▶ _Records excerpted from a collection_:
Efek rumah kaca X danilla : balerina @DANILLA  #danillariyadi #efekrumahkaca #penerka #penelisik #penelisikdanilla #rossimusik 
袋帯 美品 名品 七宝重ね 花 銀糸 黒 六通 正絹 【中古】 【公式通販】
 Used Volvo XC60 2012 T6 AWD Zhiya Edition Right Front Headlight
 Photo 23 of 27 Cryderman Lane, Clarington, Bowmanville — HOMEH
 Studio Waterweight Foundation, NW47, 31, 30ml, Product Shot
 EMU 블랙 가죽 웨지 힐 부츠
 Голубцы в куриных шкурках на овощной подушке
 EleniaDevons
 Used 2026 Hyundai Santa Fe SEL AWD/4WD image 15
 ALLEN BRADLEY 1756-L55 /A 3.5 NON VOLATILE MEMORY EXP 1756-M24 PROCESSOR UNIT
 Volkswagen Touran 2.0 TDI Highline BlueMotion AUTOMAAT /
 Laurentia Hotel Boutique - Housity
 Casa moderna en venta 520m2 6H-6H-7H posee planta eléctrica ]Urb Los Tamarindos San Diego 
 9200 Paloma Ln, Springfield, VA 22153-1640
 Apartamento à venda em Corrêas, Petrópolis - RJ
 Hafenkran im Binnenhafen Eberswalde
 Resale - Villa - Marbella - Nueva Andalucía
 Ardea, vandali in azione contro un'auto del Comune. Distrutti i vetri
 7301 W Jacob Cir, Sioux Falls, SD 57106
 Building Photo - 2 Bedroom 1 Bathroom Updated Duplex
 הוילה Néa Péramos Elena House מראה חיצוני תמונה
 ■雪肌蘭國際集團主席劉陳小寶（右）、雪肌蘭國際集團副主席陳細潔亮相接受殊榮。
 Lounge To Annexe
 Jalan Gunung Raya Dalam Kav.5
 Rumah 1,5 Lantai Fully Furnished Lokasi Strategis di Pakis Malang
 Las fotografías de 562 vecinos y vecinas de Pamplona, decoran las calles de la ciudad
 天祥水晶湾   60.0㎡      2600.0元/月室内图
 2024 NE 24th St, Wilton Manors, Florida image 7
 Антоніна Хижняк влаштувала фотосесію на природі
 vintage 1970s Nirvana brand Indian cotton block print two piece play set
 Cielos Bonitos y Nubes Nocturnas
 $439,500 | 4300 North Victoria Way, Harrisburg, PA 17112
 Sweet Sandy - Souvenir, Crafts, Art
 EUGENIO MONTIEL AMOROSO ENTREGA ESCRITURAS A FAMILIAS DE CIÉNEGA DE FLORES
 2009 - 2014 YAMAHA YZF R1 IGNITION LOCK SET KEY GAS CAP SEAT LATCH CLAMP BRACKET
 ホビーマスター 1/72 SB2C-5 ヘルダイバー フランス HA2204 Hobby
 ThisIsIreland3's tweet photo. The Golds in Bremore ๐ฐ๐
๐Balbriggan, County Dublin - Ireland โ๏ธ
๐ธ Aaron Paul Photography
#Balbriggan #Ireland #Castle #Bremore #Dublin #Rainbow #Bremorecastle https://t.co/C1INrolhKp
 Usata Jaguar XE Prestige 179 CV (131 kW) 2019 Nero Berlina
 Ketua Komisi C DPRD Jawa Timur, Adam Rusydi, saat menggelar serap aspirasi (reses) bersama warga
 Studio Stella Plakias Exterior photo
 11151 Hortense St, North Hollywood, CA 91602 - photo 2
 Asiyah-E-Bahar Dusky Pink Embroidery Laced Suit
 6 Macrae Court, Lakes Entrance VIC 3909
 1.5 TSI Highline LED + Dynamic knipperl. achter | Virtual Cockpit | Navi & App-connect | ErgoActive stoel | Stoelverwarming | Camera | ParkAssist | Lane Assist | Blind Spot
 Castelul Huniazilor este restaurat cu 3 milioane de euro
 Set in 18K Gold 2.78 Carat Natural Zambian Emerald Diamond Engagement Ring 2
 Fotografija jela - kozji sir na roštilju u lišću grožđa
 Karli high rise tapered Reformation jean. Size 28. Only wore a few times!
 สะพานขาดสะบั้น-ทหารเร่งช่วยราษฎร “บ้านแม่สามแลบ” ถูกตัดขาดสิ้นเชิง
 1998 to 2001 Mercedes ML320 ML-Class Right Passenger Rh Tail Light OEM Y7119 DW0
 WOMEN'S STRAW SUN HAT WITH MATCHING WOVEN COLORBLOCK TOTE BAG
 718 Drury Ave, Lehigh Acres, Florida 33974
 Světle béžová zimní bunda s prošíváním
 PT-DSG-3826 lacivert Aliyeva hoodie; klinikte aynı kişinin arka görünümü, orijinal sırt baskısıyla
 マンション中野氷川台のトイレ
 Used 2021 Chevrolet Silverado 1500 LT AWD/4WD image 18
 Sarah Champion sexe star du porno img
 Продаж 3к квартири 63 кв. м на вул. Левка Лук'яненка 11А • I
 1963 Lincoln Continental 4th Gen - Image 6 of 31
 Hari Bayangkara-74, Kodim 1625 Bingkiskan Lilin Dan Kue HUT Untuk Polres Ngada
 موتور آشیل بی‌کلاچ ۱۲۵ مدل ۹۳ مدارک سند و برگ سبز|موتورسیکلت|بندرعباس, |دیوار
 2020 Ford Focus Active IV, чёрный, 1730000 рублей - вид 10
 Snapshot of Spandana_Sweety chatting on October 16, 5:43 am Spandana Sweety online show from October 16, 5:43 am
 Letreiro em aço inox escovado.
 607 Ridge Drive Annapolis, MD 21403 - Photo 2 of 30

▶ _Exercise instructions_: This exercise requires the entries above to be restated exactly.

▶ _Answer space_:
Efek rumah kaca X danilla : balerina @DANILLA  #danillariyadi #efekrumahkaca #penerka #penelisik #penelisikdanilla #rossimusik 
袋帯 美品 名品 七宝重ね 花 銀糸 黒 六通 正絹 【中古】 【公式通販】
 Used Volvo XC60 2012 T6 AWD Zhiya Edition Right Front Headlight
 Photo 23 of 27 Cryderman Lane, Clarington, Bowmanville — HOMEH
 Studio Waterweight Foundation, NW47, 31, 30ml, Product Shot
 EMU 블랙 가죽 웨지 힐 부츠
 Голубцы в куриных шкурках на овощной подушке
 EleniaDevons
 Used 2026 Hyundai Santa Fe SEL AWD/4WD image 15
 ALLEN BRADLEY 1756-L55 /A 3.5 NON VOLATILE MEMORY EXP 1756-M24 PROCESSOR UNIT
 Volkswagen Touran 2.0 TDI Highline BlueMotion AUTOMAAT /
 Laurentia Hotel Boutique - Housity
 Casa moderna en venta 520m2 6H-6H-7H posee planta eléctrica ]Urb Los Tamarindos San Diego 
 9200 Paloma Ln, Springfield, VA 22153-1640
 Apartamento à venda em Corrêas, Petrópolis - RJ
 Hafenkran im Binnenhafen Eberswalde
 Resale - Villa - Marbella - Nueva Andalucía
 Ardea, vandali in azione contro un'auto del Comune. Distrutti i vetri
 7301 W Jacob Cir, Sioux Falls, SD 57106
 Building Photo - 2 Bedroom 1 Bathroom Updated Duplex
 הוילה Néa Péramos Elena House מראה חיצוני תמונה
 ■雪肌蘭國際集團主席劉陳小寶（右）、雪肌蘭國際集團副主席陳細潔亮相接受殊榮。
 Lounge To Annexe
 Jalan Gunung Raya Dalam Kav.5
 Rumah 1,5 Lantai Fully Furnished Lokasi Strategis di Pakis Malang
 Las fotografías de 562 vecinos y vecinas de Pamplona, decoran las calles de la ciudad
 天祥水晶湾   60.0㎡      2600.0元/月室内图
 2024 NE 24th St, Wilton Manors, Florida image 7
 Антоніна Хижняк влаштувала фотосесію на природі
 vintage 1970s Nirvana brand Indian cotton block print two piece play set
 Cielos Bonitos y Nubes Nocturnas
 $439,500 | 4300 North Victoria Way, Harrisburg, PA 17112
 Sweet Sandy - Souvenir, Crafts, Art
 EUGENIO MONTIEL AMOROSO ENTREGA ESCRITURAS A FAMILIAS DE CIÉNEGA DE FLORES
 2009 - 2014 YAMAHA YZF R1 IGNITION LOCK SET KEY GAS CAP SEAT LATCH CLAMP BRACKET
 ホビーマスター 1/72 SB2C-5 ヘルダイバー フランス HA2204 Hobby
 ThisIsIreland3's tweet photo. The Golds in Bremore ๐ฐ๐
๐Balbriggan, County Dublin - Ireland โ๏ธ
๐ธ Aaron Paul Photography
#Balbriggan #Ireland #Castle #Bremore #Dublin #Rainbow #Bremorecastle https://t.co/C1INrolhKp
 Usata Jaguar XE Prestige 179 CV (131 kW) 2019 Nero Berlina
 Ketua Komisi C DPRD Jawa Timur, Adam Rusydi, saat menggelar serap aspirasi (reses) bersama warga
 Studio Stella Plakias Exterior photo
 11151 Hortense St, North Hollywood, CA 91602 - photo 2
 Asiyah-E-Bahar Dusky Pink Embroidery Laced Suit
 6 Macrae Court, Lakes Entrance VIC 3909
 1.5 TSI Highline LED + Dynamic knipperl. achter | Virtual Cockpit | Navi & App-connect | ErgoActive stoel | Stoelverwarming | Camera | ParkAssist | Lane Assist | Blind Spot
 Castelul Huniazilor este restaurat cu 3 milioane de euro
 Set in 18K Gold 2.78 Carat Natural Zambian Emerald Diamond Engagement Ring 2
 Fotografija jela - kozji sir na roštilju u lišću grožđa
 Karli high rise tapered Reformation jean. Size 28. Only wore a few times!
 สะพานขาดสะบั้น-ทหารเร่งช่วยราษฎร “บ้านแม่สามแลบ” ถูกตัดขาดสิ้นเชิง
 1998 to 2001 Mercedes ML320 ML-Class Right Passenger Rh Tail Light OEM Y7119 DW0
 WOMEN'S STRAW SUN HAT WITH MATCHING WOVEN COLORBLOCK TOTE BAG
 718 Drury Ave, Lehigh Acres, Florida 33974
 Světle béžová zimní bunda s prošíváním
 PT-DSG-3826 lacivert Aliyeva hoodie; klinikte aynı kişinin arka görünümü, orijinal sırt baskısıyla
 マンション中野氷川台のトイレ
 Used 2021 Chevrolet Silverado 1500 LT AWD/4WD image 18
 Sarah Champion sexe star du porno img
 Продаж 3к квартири 63 кв. м на вул. Левка Лук'яненка 11А • I
 1963 Lincoln Continental 4th Gen - Image 6 of 31
 Hari Bayangkara-74, Kodim 1625 Bingkiskan Lilin Dan Kue HUT Untuk Polres Ngada
 موتور آشیل بی‌کلاچ ۱۲۵ مدل ۹۳ مدارک سند و برگ سبز|موتورسیکلت|بندرعباس, |دیوار
 2020 Ford Focus Active IV, чёрный, 1730000 рублей - вид 10
 Snapshot of Spandana_Sweety chatting on October 16, 5:43 am Spandana Sweety online show from October 16, 5:43 am
 Letreiro em aço inox escovado.
 607 Ridge Drive Annapolis, MD 21403 - Photo 2 of 30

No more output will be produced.